V8: Behind the Scenes (November Edition feat. Ignition+TurboFan and ES2015)

25 Nov 2016 turbofan • v8

So this is my attempt to start a series of blog posts about what's going on behind the scenes of V8 in order to bring more transparency to what we do for Node.js and Chrome, and how this affects developers targeting either Node.js or Chrome. I'll mostly talk about stuff where I'm actively involved, so mostly things that are related to JavaScript Execution Optimization, new language features and a few tooling/embedder related issues.

Any opinions expressed in these posts are my own and don't necessarily reflect the official position of Google or the Chrome/V8 teams. Also these articles are clearly targeting the primary audience of V8 itself, which are developers utilizing V8 through Node.js, Chrome or some other embedder to build and deliver awesome products to the end user. I'll try to not only scratch the surface, but also provide some background information and interesting details whenever feasible.

In this first article I'm going to give a brief update on our ongoing work on the TurboFan compiler architecture and the Ignition interpreter, and the current progress on the ES2015 and beyond performance front.
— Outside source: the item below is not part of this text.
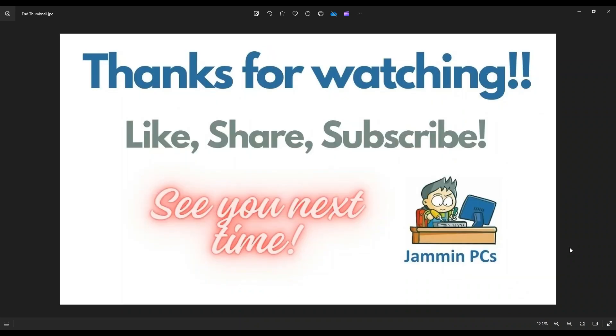So that's the video, guys. I hope it was helpful. If you have any questions, check out the FAQs below in the description. It could save you some time getting an answer. If you do need to leave me a question or comment, please do. I do try to get to those a couple times a day at least.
An update on Ignition and TurboFan #

Brace yourself - TurboFan and Ignition are coming

As those of you following the work on V8 somewhat closely have probably already figured out, we're finally starting to ship the new architecture for V8, which is based on the Ignition interpreter and the TurboFan compiler. You have probably also already spotted the Chrome (Ignition) and Chrome (TurboFan, Ignition) graphs on arewefastyet. These reflect two possible configurations, which are currently being evaluated:

The Chrome (Ignition) aka --ignition-staging configuration, which adds the Ignition interpreter as a third tier in front of the existing compiler architecture (i.e. in front of the fullcodegen baseline compiler, and the optimizating compilers TurboFan and Crankshaft), but with a direct tier up strategy from Ignition to TurboFan for features that Crankshaft cannot deal with (i.e. try-catch/-finally, eval, for-of, destructuring, class literals, etc.). This is a slight modification of the pipeline we had initially when Ignition was announced earlier this year.
The Chrome (TurboFan, Ignition) aka --ignition-staging --turbo configuration, where everything goes through Ignition and TurboFan only, and where both fullcodegen and Crankshaft are completely unused.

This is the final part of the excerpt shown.